---------- AVAILABLE DATA

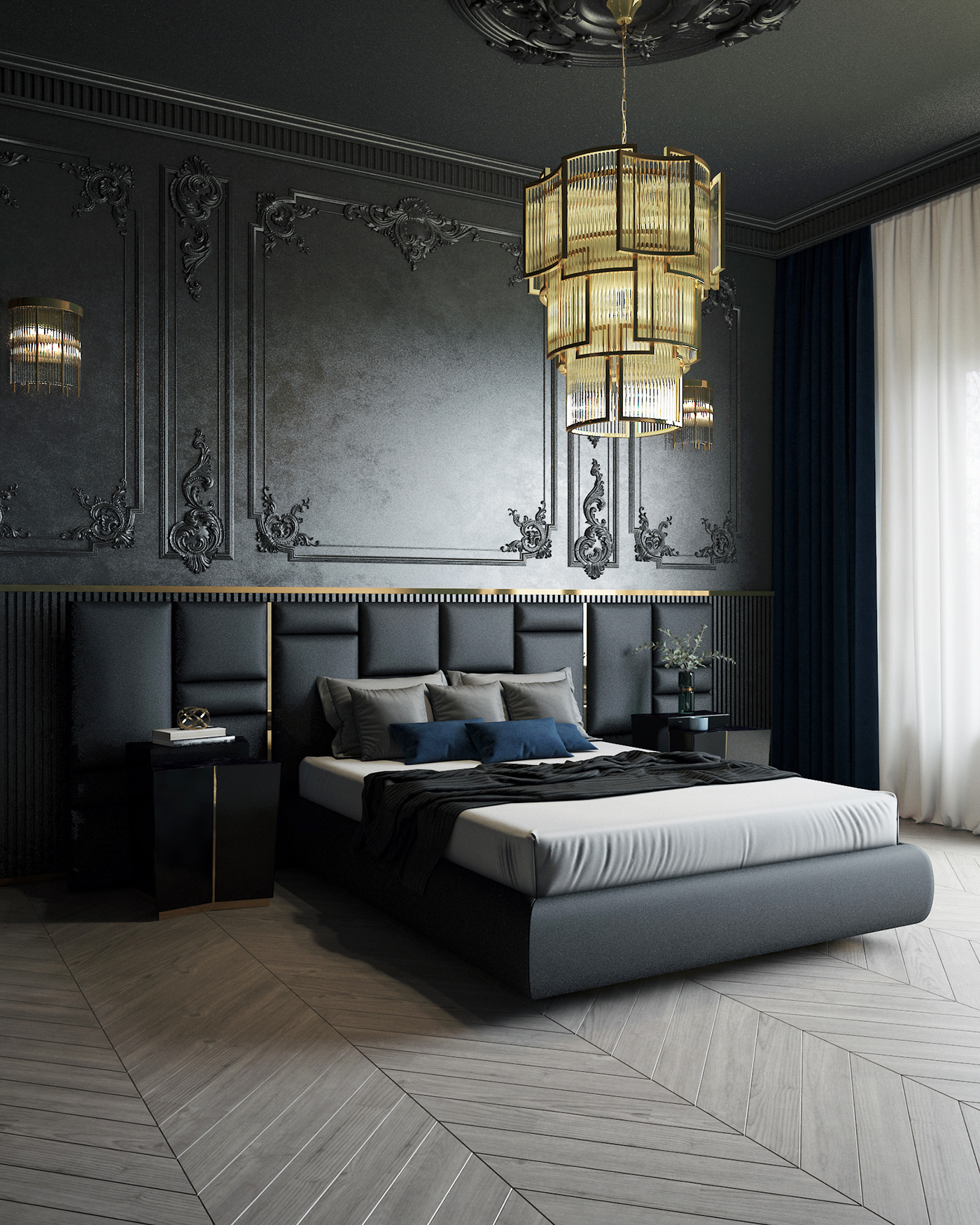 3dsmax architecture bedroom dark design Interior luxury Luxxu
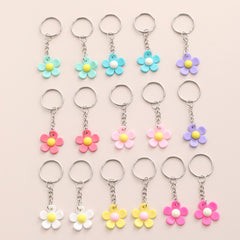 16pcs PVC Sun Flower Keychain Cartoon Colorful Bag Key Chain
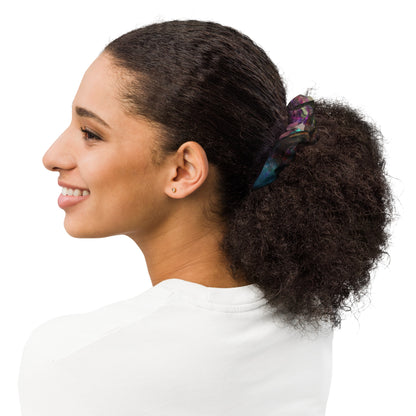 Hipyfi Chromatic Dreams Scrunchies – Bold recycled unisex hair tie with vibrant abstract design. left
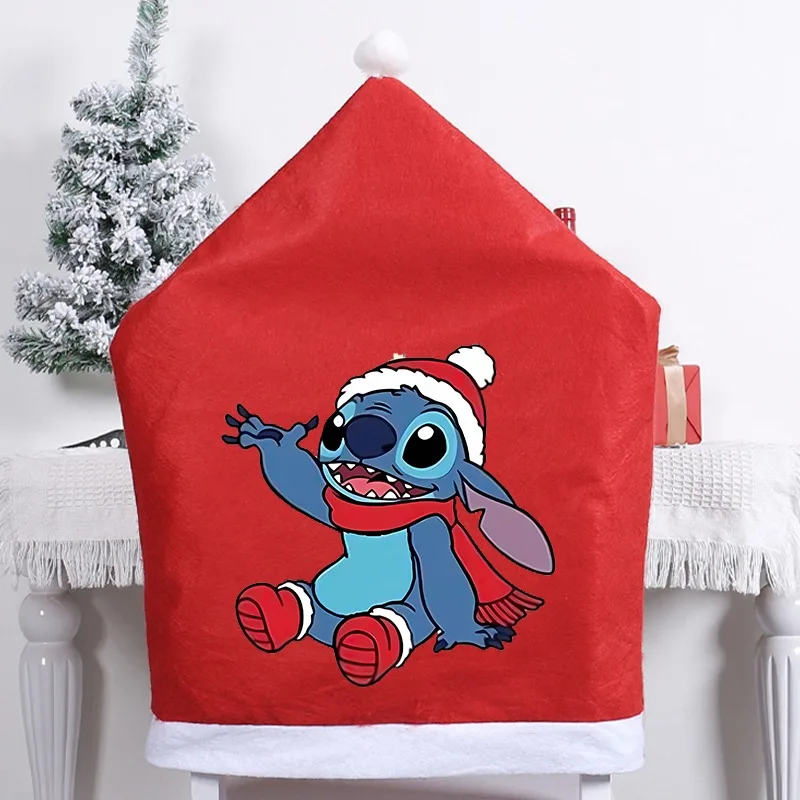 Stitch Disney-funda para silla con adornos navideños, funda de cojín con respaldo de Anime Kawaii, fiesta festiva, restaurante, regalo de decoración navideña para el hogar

--------------------
---------- AVAILABLE DATA

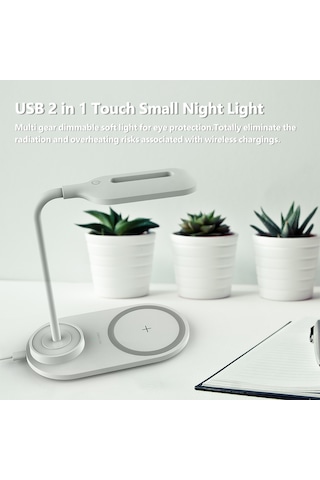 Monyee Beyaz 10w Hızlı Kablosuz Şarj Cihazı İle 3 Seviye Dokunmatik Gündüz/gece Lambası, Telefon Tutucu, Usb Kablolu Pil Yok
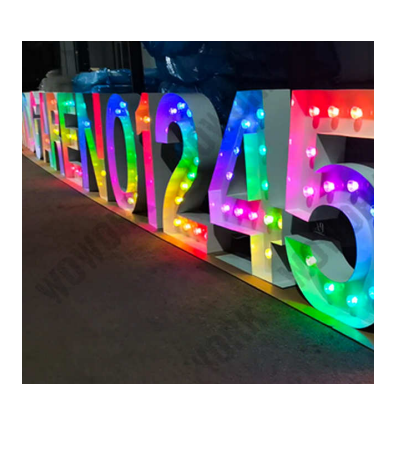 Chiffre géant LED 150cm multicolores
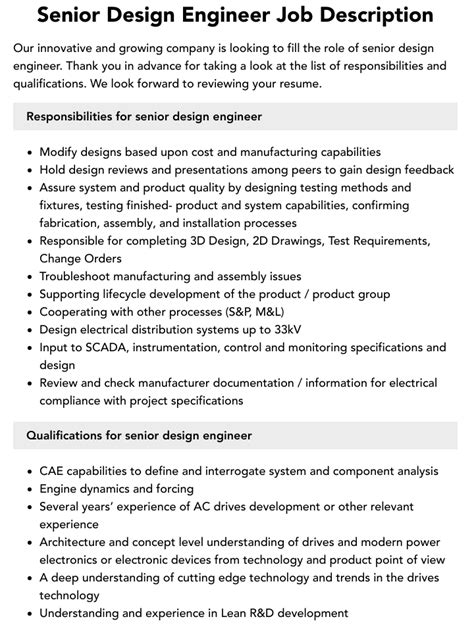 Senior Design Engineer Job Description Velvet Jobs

--------------------
---------- AVAILABLE DATA

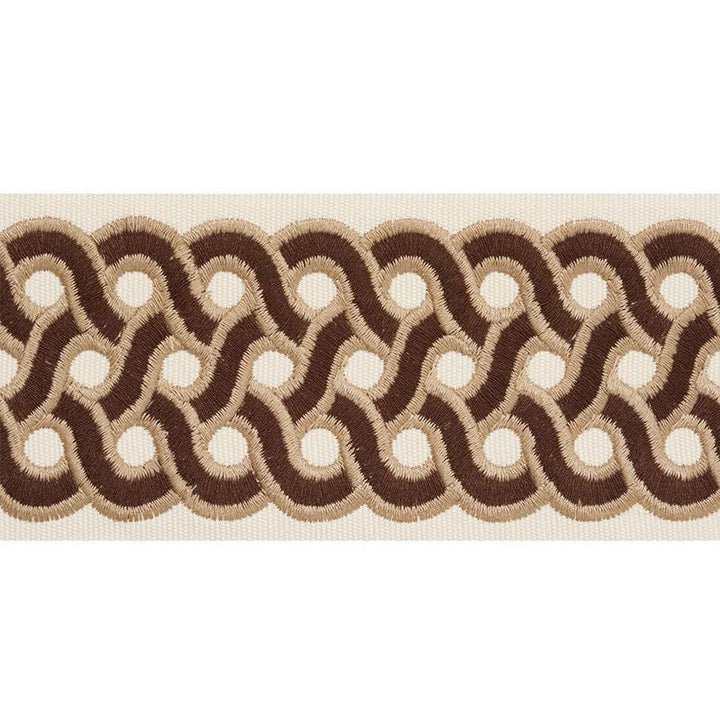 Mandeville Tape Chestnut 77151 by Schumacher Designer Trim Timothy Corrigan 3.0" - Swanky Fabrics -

--------------------

HOW TO COMPLETE THIS TASK
What belongs in the answer is each line above from the line with "3dsmax architecture bedroom" to the line with "Stitch Disney-funda para", inclusive, reproduced exactly and free of pictures.

SOLUTION TO THIS TASK
 3dsmax architecture bedroom dark design Interior luxury Luxxu
 16pcs PVC Sun Flower Keychain Cartoon Colorful Bag Key Chain
 Hipyfi Chromatic Dreams Scrunchies – Bold recycled unisex hair tie with vibrant abstract design. left
 Stitch Disney-funda para silla con adornos navideños, funda de cojín con respaldo de Anime Kawaii, fiesta festiva, restaurante, regalo de decoración navideña para el hogar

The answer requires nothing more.